Mais la rentrée n’aura jamais lieu. Dimanche 17 septembre, la famille est attablée pour le café quand une domestique dit :

  • “tiens ! c’est drôle !”
  • “qu’est-ce qui est drôle ?”
  • “Les trois flics de notre localité nous ont quittés aujourd’hui à 5h du matin”.
  • “Et pourquoi vous ont-ils quittés ?”
  • “Parce que les bolcheviks arrivent”

C’est le moment où être un banquier juif connu n’est pas une bonne nouvelle !

Famille Szereszewki avant guerre

Ils repartent et traversent la frontière roumaine où les réfugiés sont accueillis avec des distributions de fruits et de vin. Ma famille dispose d’une carte routière qui indique que le chemin vers Bucarest est à la sortie du village à gauche. Mais toutes les voitures reçoivent l’instruction de prendre la route de droite. Où mène cette route ? Où envoie-t-on les réfugiés ?
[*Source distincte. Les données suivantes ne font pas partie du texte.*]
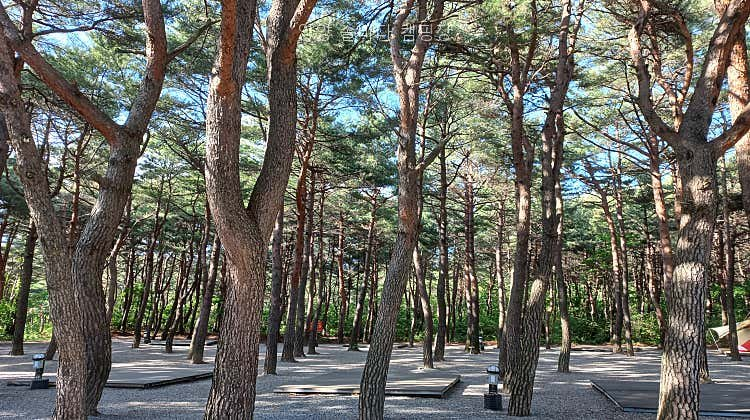 양양 솔바다 캠핑장 소나무 숲과 바다 산책을 즐긴 직접 다녀온 후기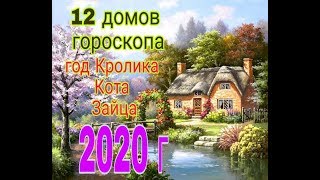2020 год ГОД КРОЛИКА/КОТА/ЗАЙЦА 12 ДОМОВ ГОРОСКОПА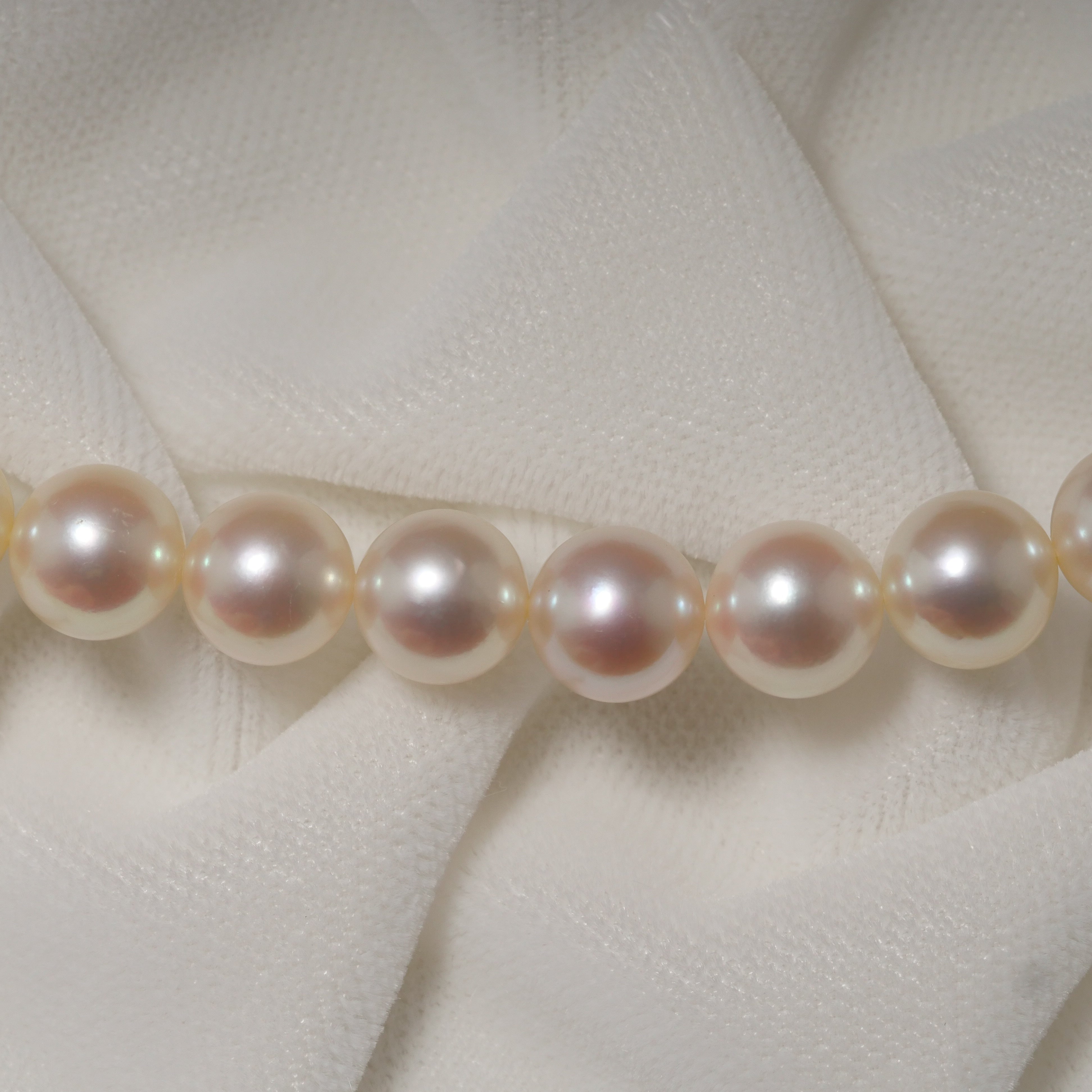 パール ネックレス 7.5-8mm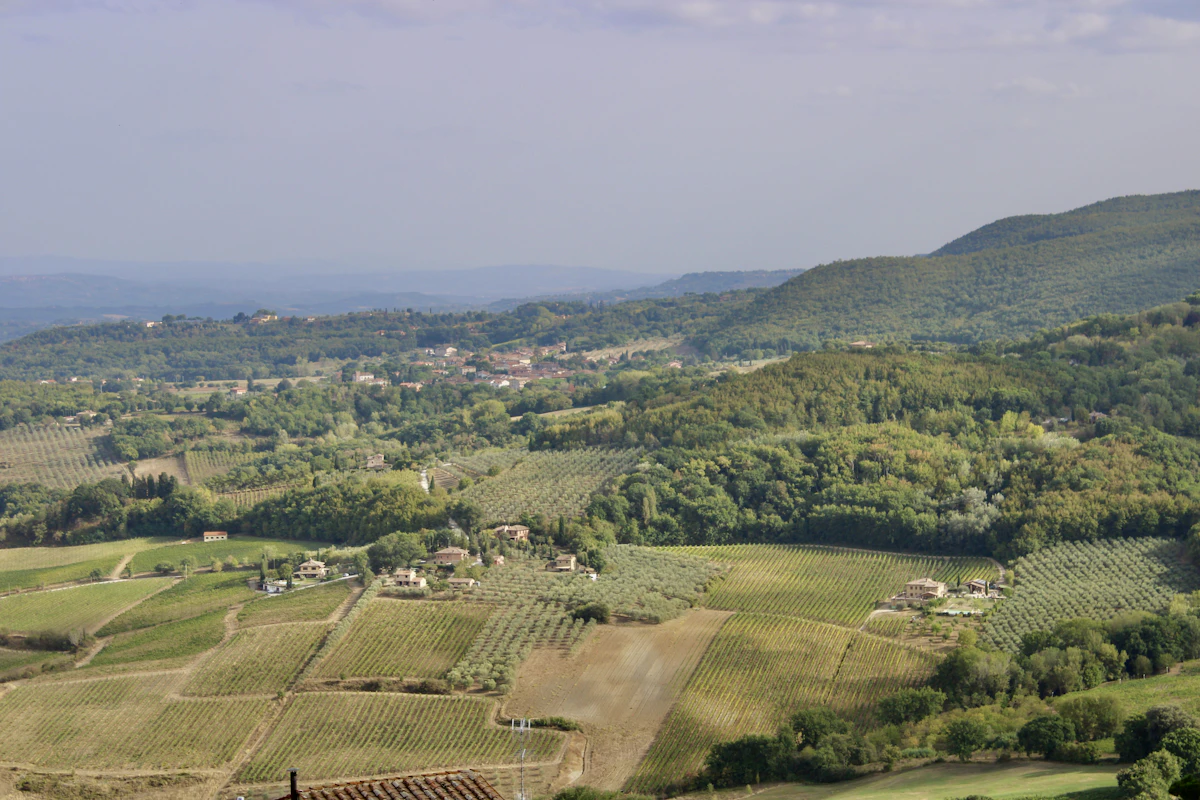 Marche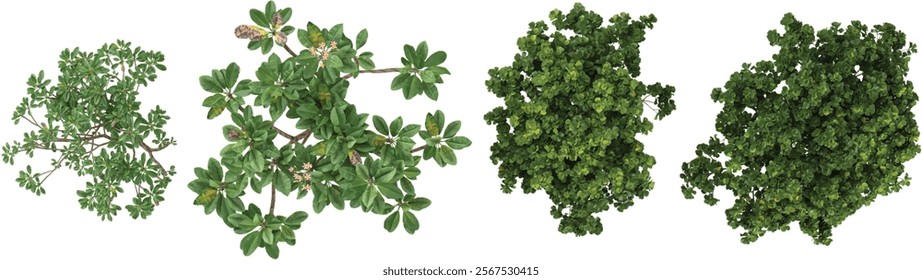 Collection of Ficus,Plumeria plants on transparent background from the top view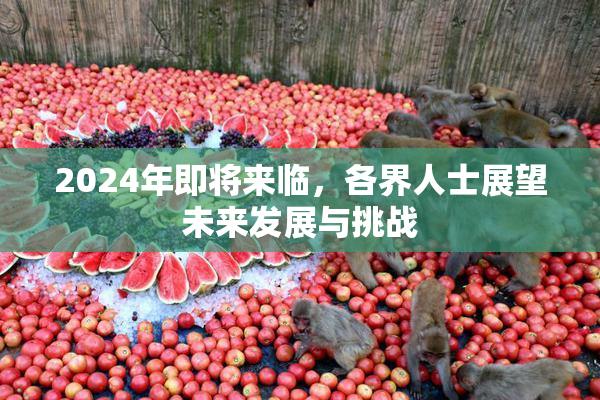 2024年即将来临，各界人士展望未来发展与挑战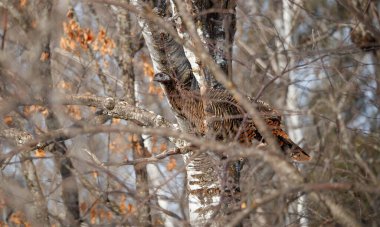 Ormandaki ağaçtaki yabani hindi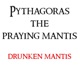 Drunken Mantis Single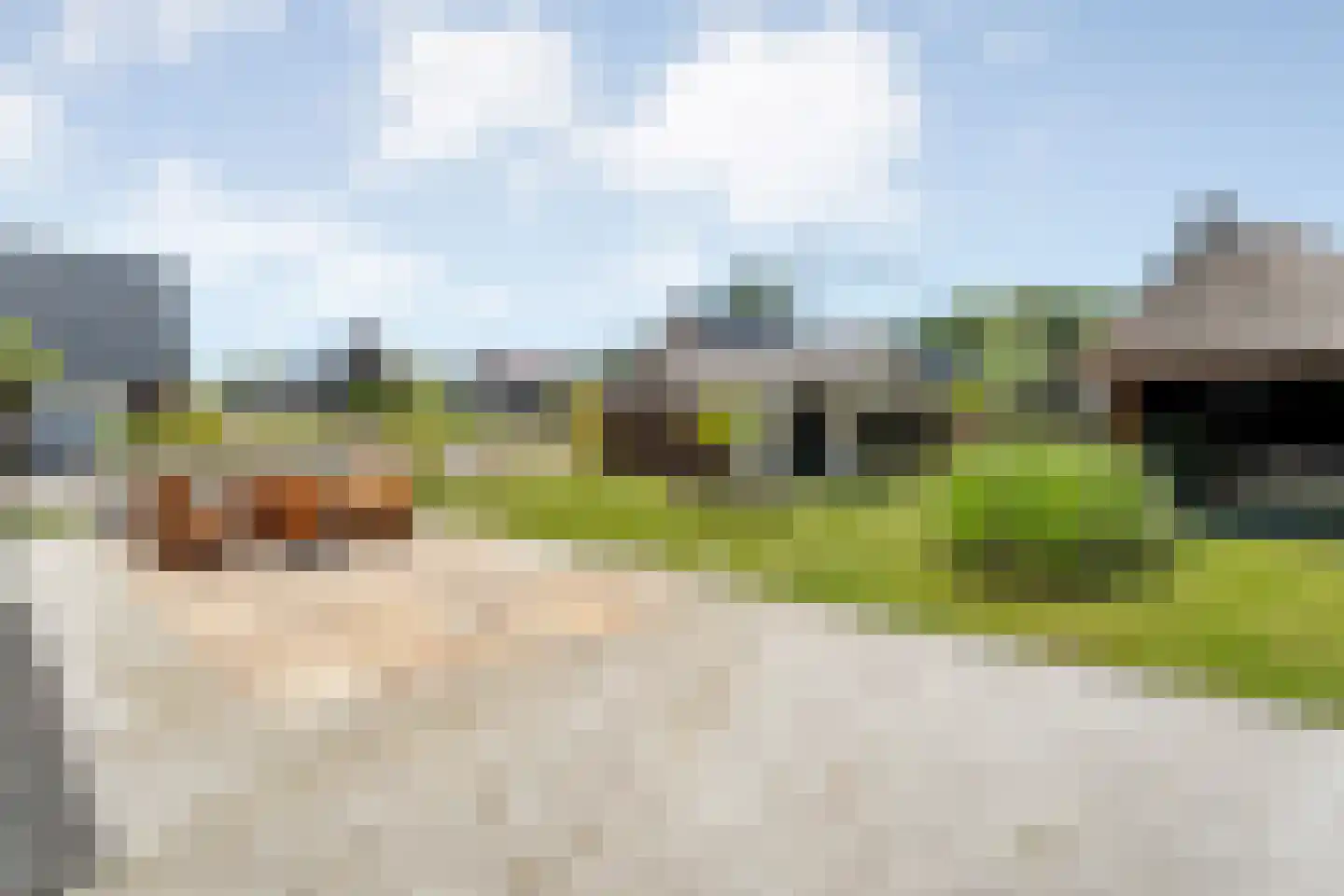 Singel 10 Pesse thumbnail 41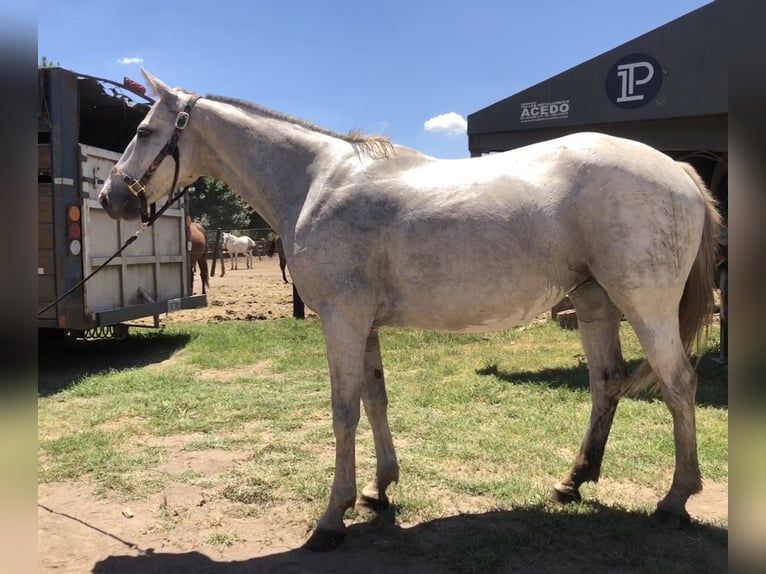 Polo Pony Merrie 8 Jaar 152 cm Schimmel in General Belgrano, Provincia Buenos Aires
Ils contactent alors la communauté juive locale qui propose son aide. Ils n’auront qu’à prendre à droite puis s’arrêter au grand arbre 300m plus loin. De là, des guides leur montreront comment passer leurs voitures à travers champs pour éviter le piège…
Résultat, la famille arrive tard dans la nuit dans la localité suivante. Bien après toutes celles et ceux qui ont pris à droite, par la nouvelle route qui ne figurait pas encore sur la carte routière. Comme quoi, en temps de guerre, il y a toujours des malins pour profiter de la peur des autres !

Au rythme d’un pot-de-vin tous les 50 km, la famille réussit à atteindre Bucarest le 19 septembre. Les grand-parents de mon grand-père y resteront quelques temps, avant de rejoindre la Suisse, puis la Palestine. Mon arrière grand-père ayant des affaires, et une amie, en France, il décide de prendre l’Orient express avec sa femme Anna, leurs enfants Ignacy et Stefan. Mais à la frontière italienne, les gardes, en lisant leurs noms, suspectent qu’ils sont juifs, et les obligent à descendre du train.

Les voilà à Rakek, où quelques juifs allemands, leur passeport tamponnés de la lettre J, se saoulent en attendant la fin.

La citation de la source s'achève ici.